At 4am, I was the first to arrive at the departure lounge at Luton airport for a Ryanair flight to Marrakesh. I was on my mobile phone chatting with my husband when an older gentleman walked in, put his bag down at the front of the line and sat down on seats somewhere else. I found this odd and I found him odd. Everyone else lined up, though I didn't bother because I already knew how Ryanair boarding works and there's really no point; I don't care what seat I get. The Odd Man walked up to his bag on the floor and into the front of the line. I thought nothing else of it at that point.

Our flight got diverted to Agadir because of fog and we all got stuck on to buses back to Marrakesh. I checked into my hostel that night and went to sleep. When I got up for breakfast that morning, who else was at the table but the Odd Man! He was loudly talking about his travel plans - he wanted to head to the desert - so did I, but I wasn't about to share a car with a loud, obnoxious American. That was my first impression of him and I ignored him. I decided I wasn't going to head to the desert then and instead boarded a bus for Essaouira that afternoon.

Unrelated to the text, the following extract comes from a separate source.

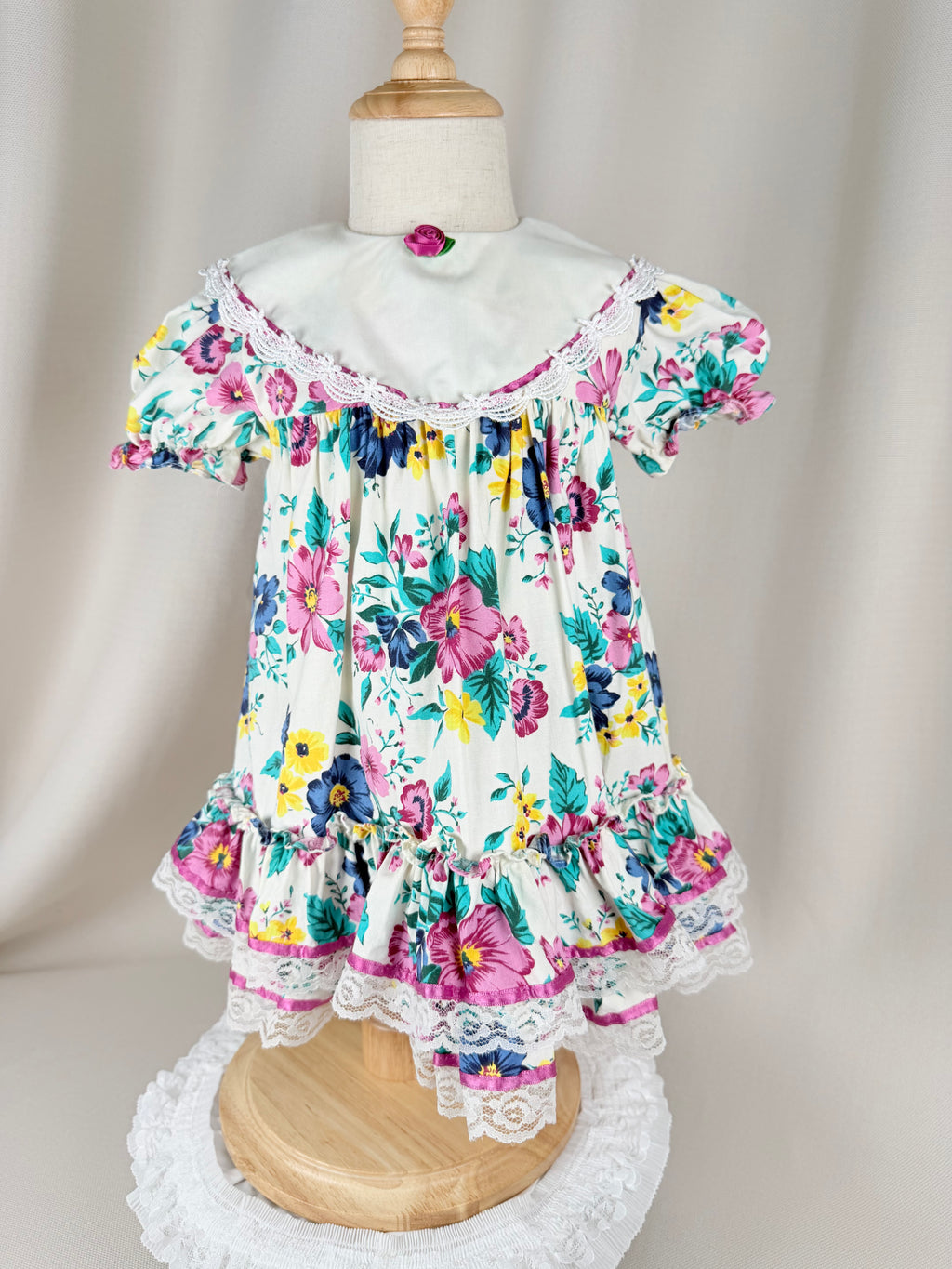 The Marigold Rose | Vintage Floral Lace Ruffle Dress | Dollyque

On the bus back from Essaouira to Marrakesh, I texted my hubby to help find me some accommodation ahead of time because I was arriving at night and hadn't booked anything. From Canada, he booked me into a lovely riad deep in the souq of Djemaa el-Fnaa. I finally found it late that night and went straight to bed. The next day I was sick - something I ate, I suppose - and didn't leave my room until late afternoon. The night after that, upon returning from supper, I walked into the riad and was met by a familiar face - the Odd Man. I made a joke and accused him of following me. He said, "no, you must be following me!" and we started talking.

We talked late into the wee hours of the morning. I was freezing (we were in the court yard of the riad), but he was captivating. I told him of my father and my stresses and he helped me put things into perspective. If I hadn't had to pack and get ready for my early flight that morning, I'm sure we'd still be there talking! I left him my card with my info, but he never contacted me and I never saw him again.

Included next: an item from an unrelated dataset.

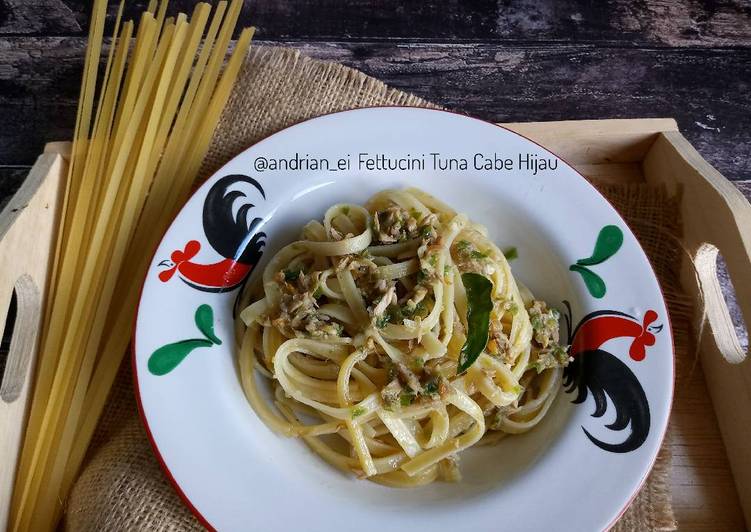 Cara Gampang Menyiapkan Fettucini Tuna Cabe Hijau #pr_pasta yang Menggugah Selera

They say people come into your life for "a reason, a season or a lifetime," and I presume he just came into mine for a reason, but I'd like to tell him I'm alright now. My dad has since passed on and I've had the child I've always wanted. Everything is less stressful now and for some reason I feel compelled to tell him he has made a difference to me.

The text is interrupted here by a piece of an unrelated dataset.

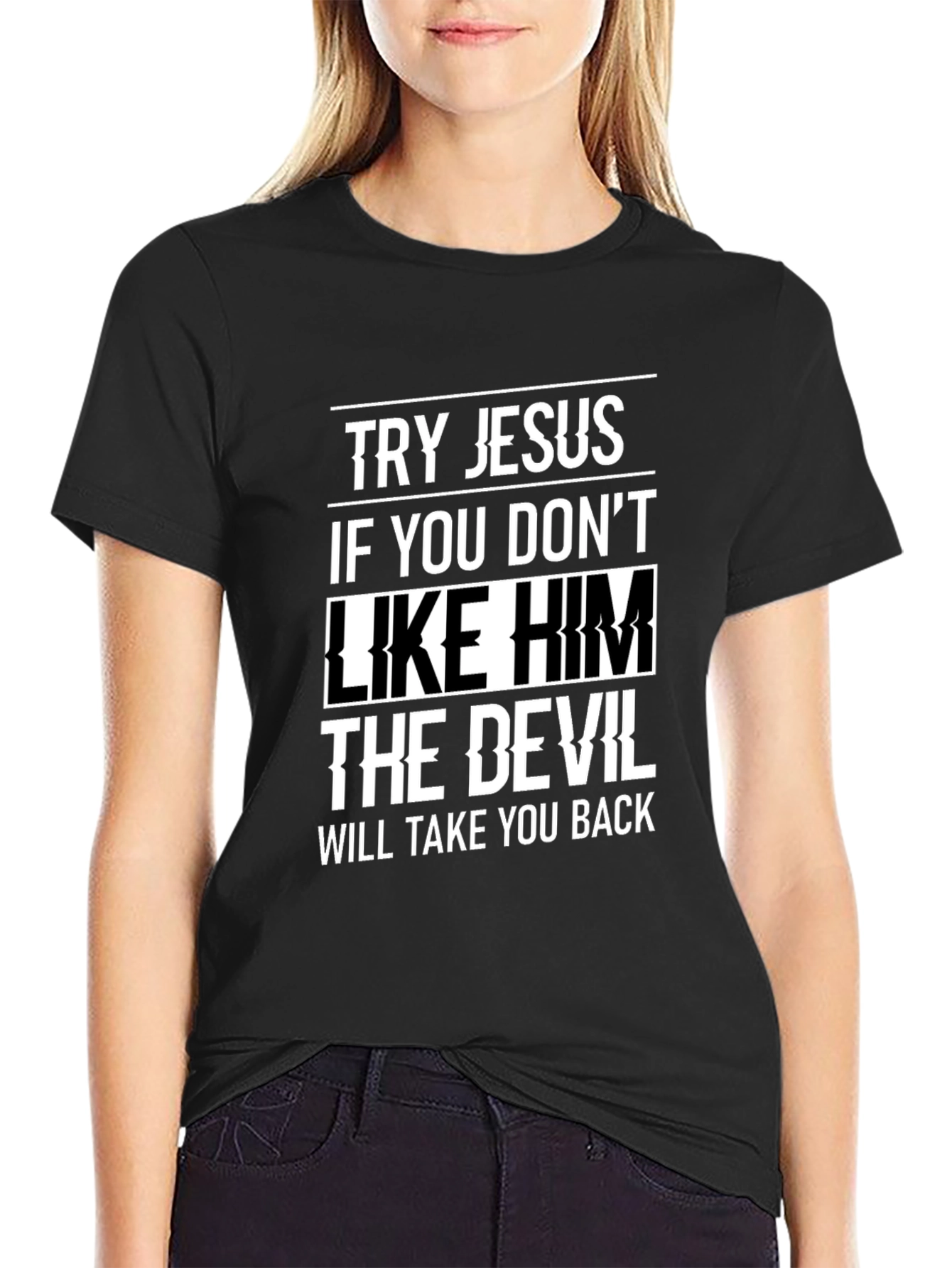 Try Jesus Graphic Tee - Soft Black Cotton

That's where you come in! All I know is he is a retired architecture professor named Christopher Pardee. He is American, but lives in England. He's divorced, he has grown children and he spends his free time travelling. If you see him, please tell him he helped me a lot. Or maybe share this blog post with him. I don't expect to hear from him, but if you let me know you spoke to him, I will be happy. He probably won't even remember me, but that's ok. It's the thought that counts :)

And if you ever meet a really cool person, make sure you also get their contact info.